We did the whole set up. We made my daughter Zoey close her eyes as we hid the Wonder Woman costume behind our backs. She squinted one eye and the other one semi-open. Then came the big reveal, “surprise!” The costume dangled right in front of Zoey’s face. Our eye’s grew big with excitement as we waited for her “oh my god, nintendo sixty four!” reaction. We imagined her snatching it out of our hands and immediately putting it on. She looked at it, and looked at it some more. Then turned around and walked way. My wife and I looked at each other and just laughed.

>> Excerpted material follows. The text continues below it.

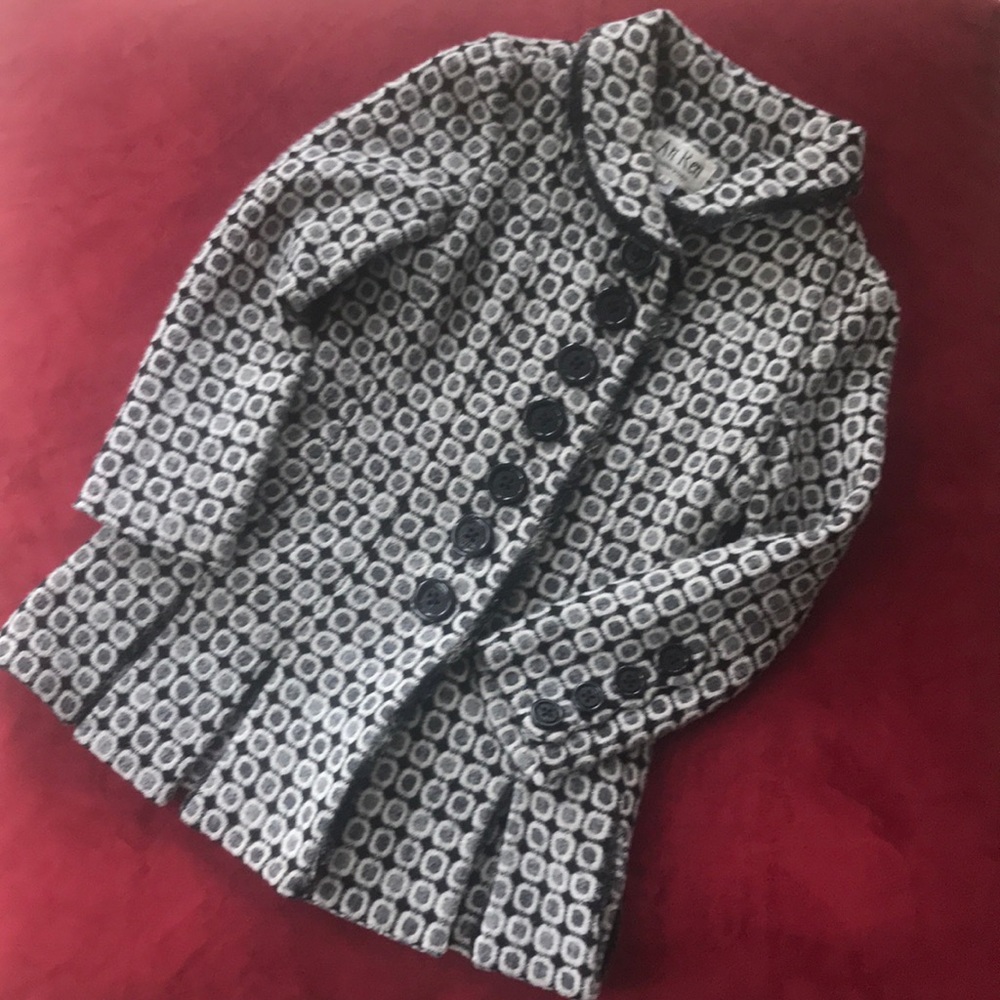 An Ren Black, Gray, and Ivory Coat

Maybe our expectations were just a little bit too much. I mean, we never really introduced Wonder Woman to her before and Zoey was only two years (and a half) old at the time. So, we kind of set each other up for failure really. She knew who Super Man was already and she liked him. We thought it will be nice to trick her in to thinking that she can be Super Girl — since the costume had similar colors and a cape. But no, the costume just hanged in the closet for weeks.

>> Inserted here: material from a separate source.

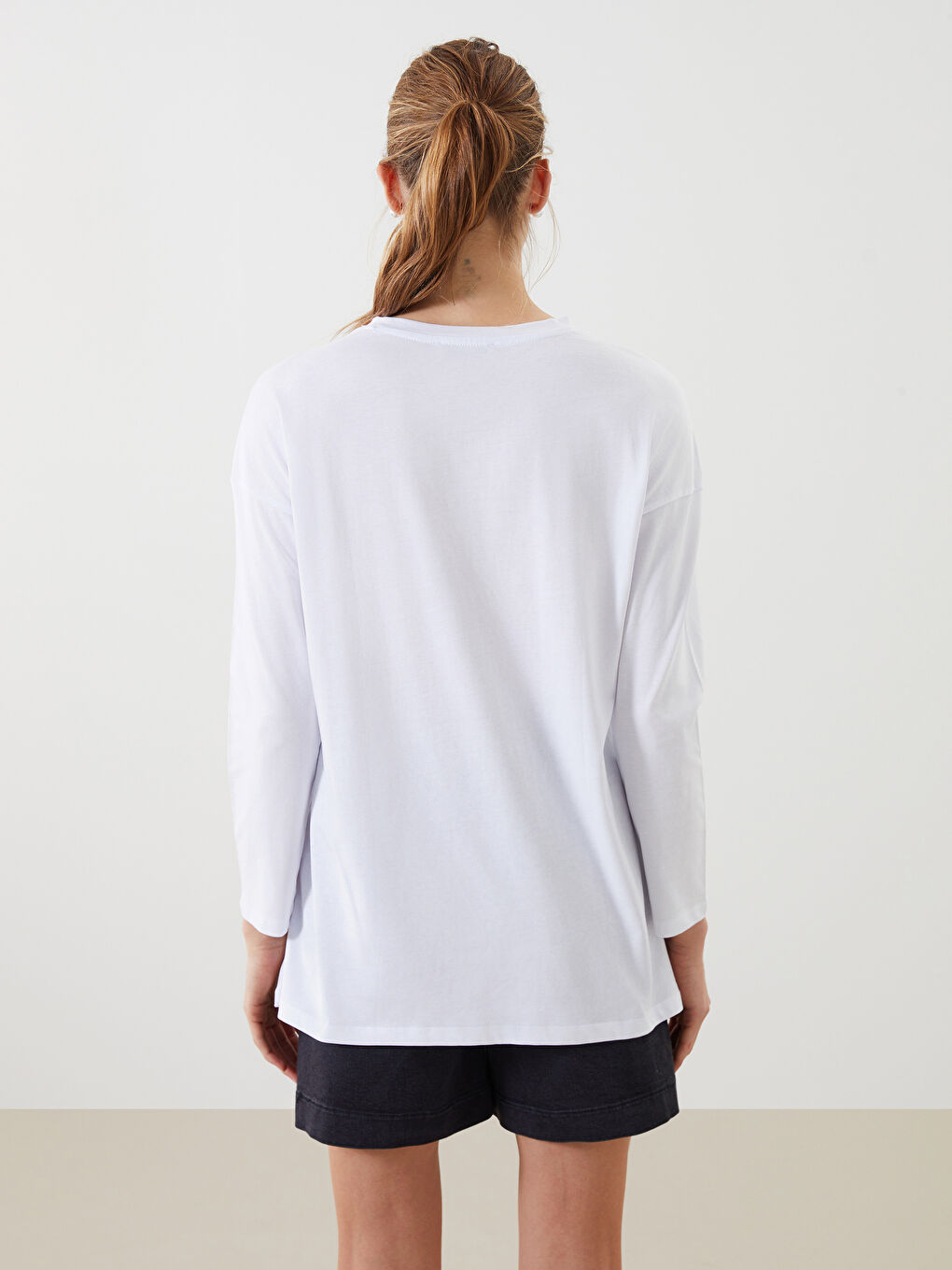 Beyaz Bisiklet Yaka Baskılı Kadın Tunik-3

As Zoey grew older she became more and more fascinated by superheroes. She can began to understand the extraordinary use of powers, flight, and super human strength. Not only now was she a spectator of the shows, she became one herself in her imagination. Yes!
It took some time but she finally dusted off the suit and started flying around the house like we imagined she would.

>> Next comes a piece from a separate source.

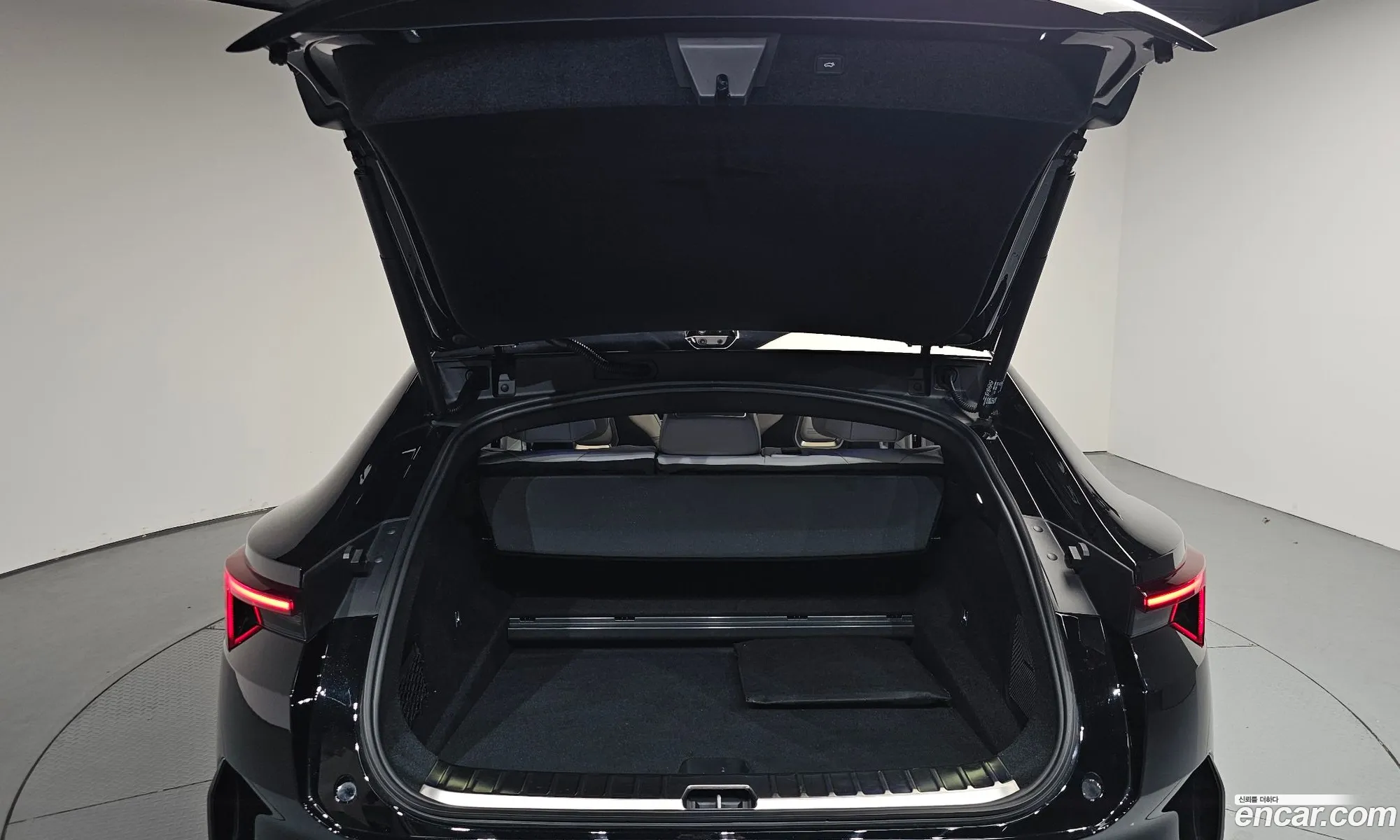 Polestar Polestar 4 2025 — 33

Now she’s known as Super Zoey and her brother as Bat Zach. The costume colors are faded and the cape barely sticks anymore. But her belief for being super never stops growing. And as parent, I never want her to ever stop believing that.
Though most of our play times I’m villain, I’m encouraged every day to test the limitations of impossibilities. I can finally see that the day we introduced to Zoey the costume was the day my wife and I wanted to imagine, fly, and be adventurous again. More than ever.